Stored dataset items:
Segment Open

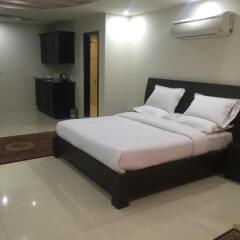 Hak Mall Suites in Islamabad, Pakistan from 36$, photos, reviews - zenhotels.com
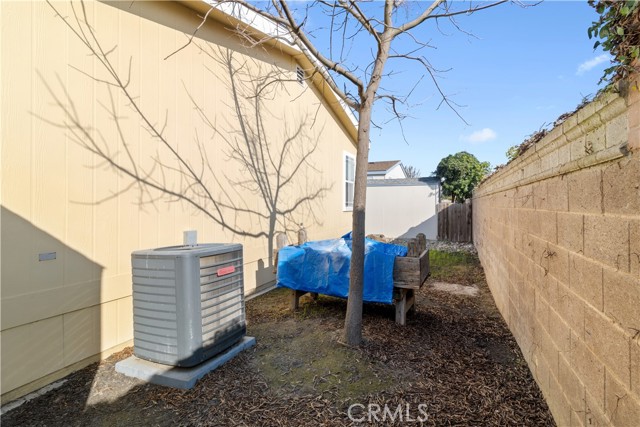 Detail Gallery Image 7 of 30 For 866 Count #4,  Livingston,  CA 95334 - 3 Beds | 2 Baths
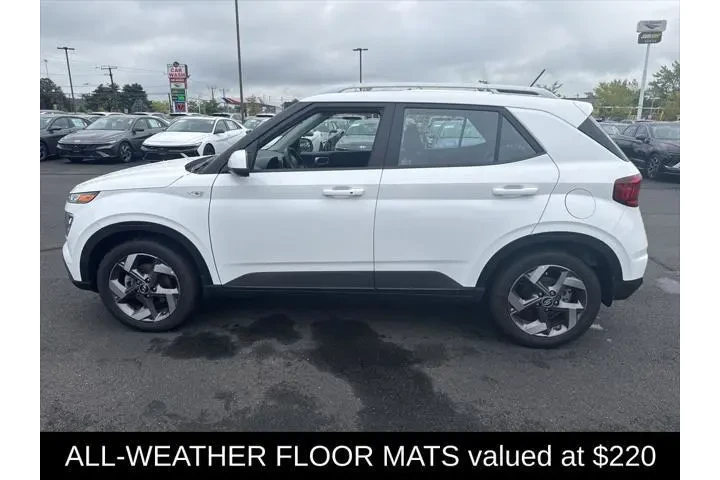 $20495 : Hyundai VENUE 2024 SEL 4dr C image 2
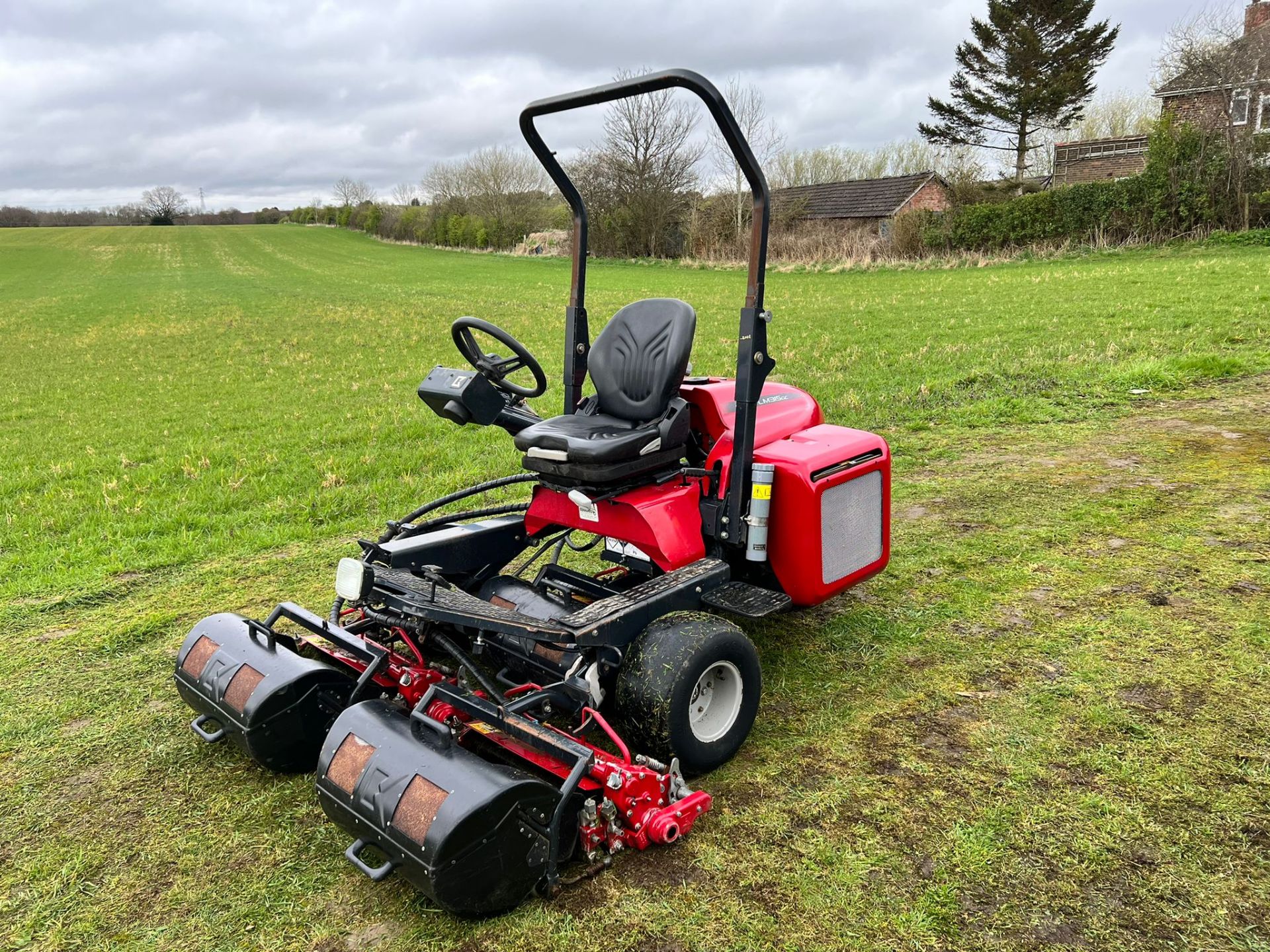 2014 Baroness LM315GC 3WD Diesel Cylinder Mower With Grass Boxes, Runs Drives Cuts Collects - Image 2 of 23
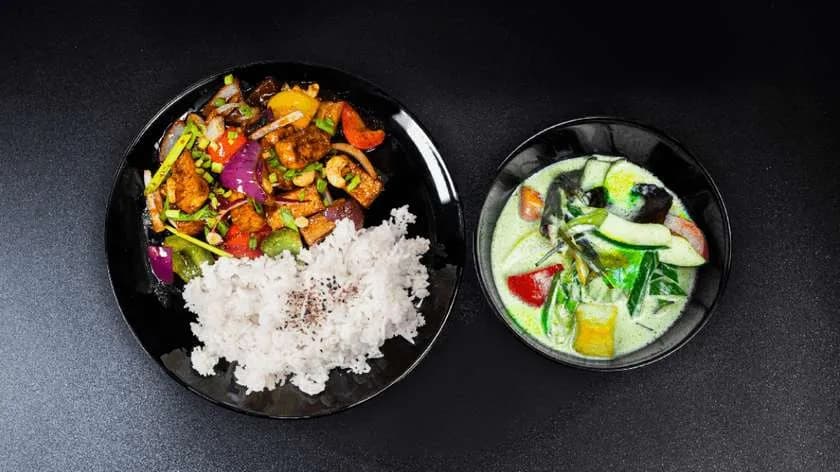 Tofu Tom Kha & Kurczak z orzechami nerkowca & ryż
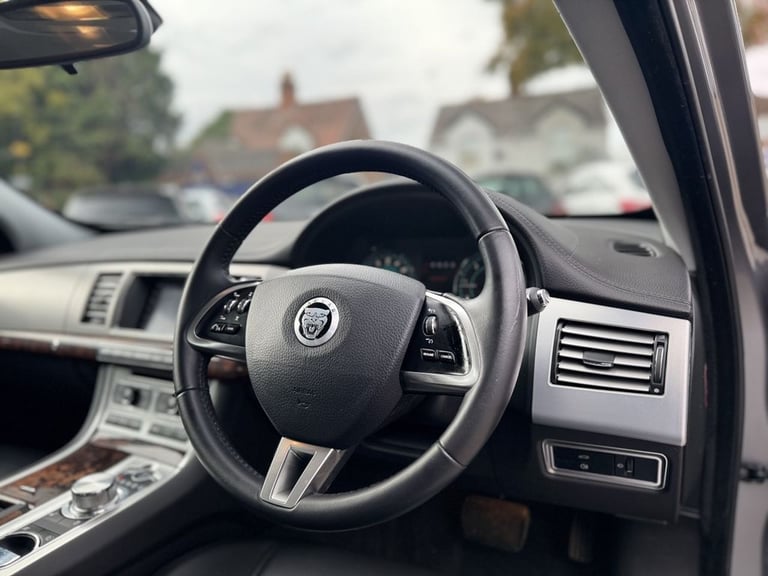 2012 Jaguar XF 3.0d V6 Luxury Saloon 4dr Diesel Auto Euro 5 (240 ps) Saloon Diesel Automatic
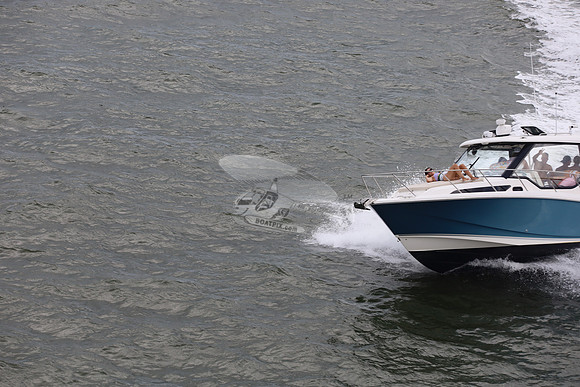 Boston Whaler.blue.2 merc 300.08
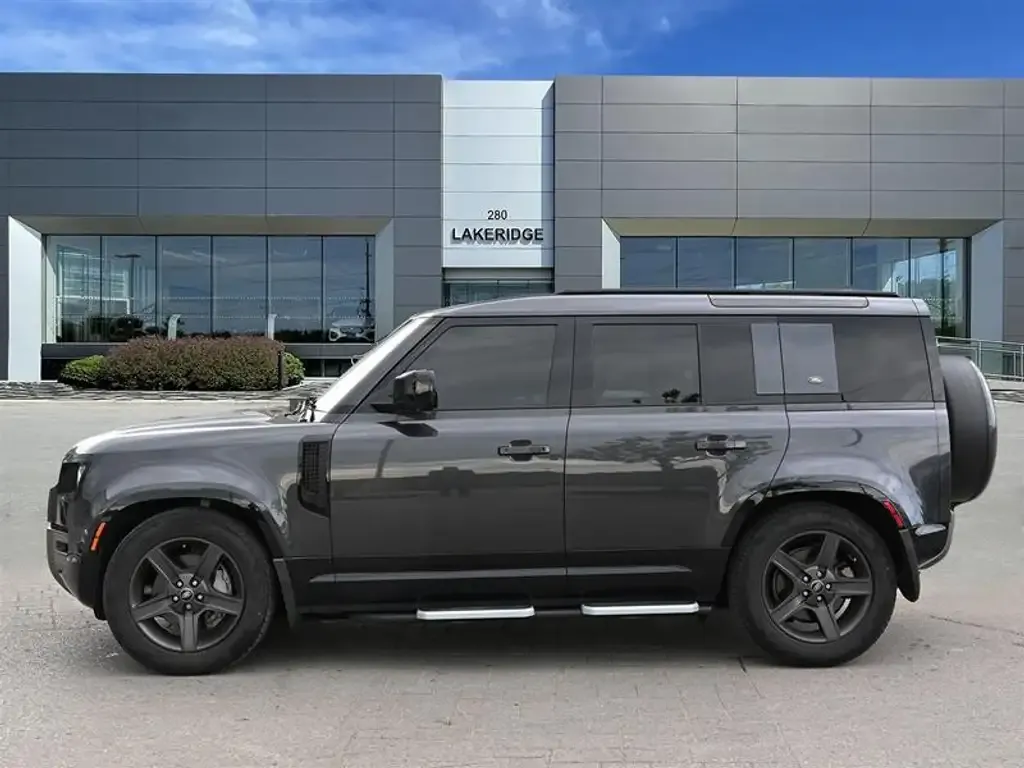 Land Rover Defender 2022 photo 4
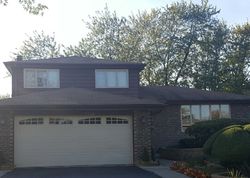 Pre-foreclosure Listing in SYCAMORE AVE COUNTRY CLUB HILLS, IL 60478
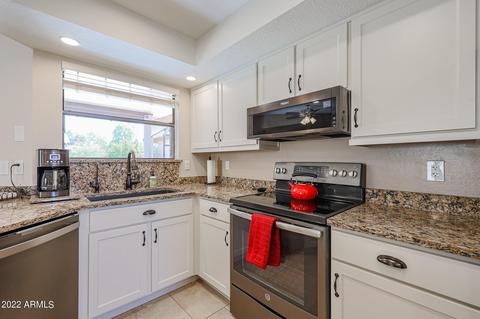 5207 E Half Moon Dr, Phoenix, AZ 85044 photo 5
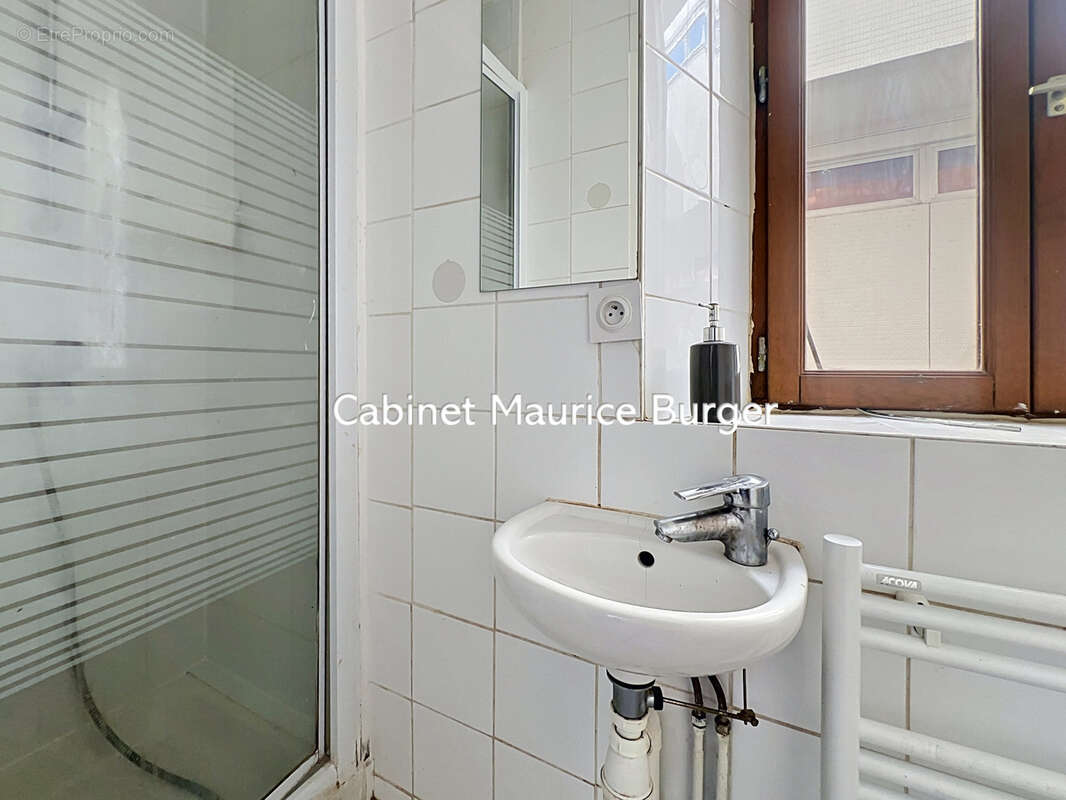 Appartement à PARIS-12E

Segment Closed

ASSIGNMENT: Respond with the exact lines above running from the one containing "2014 Baroness LM315GC" to the one containing "2012 Jaguar XF", both ends kept and no pictures included.

ANSWER TO THE PROBLEM:
 2014 Baroness LM315GC 3WD Diesel Cylinder Mower With Grass Boxes, Runs Drives Cuts Collects - Image 2 of 23
 Tofu Tom Kha & Kurczak z orzechami nerkowca & ryż
 2012 Jaguar XF 3.0d V6 Luxury Saloon 4dr Diesel Auto Euro 5 (240 ps) Saloon Diesel Automatic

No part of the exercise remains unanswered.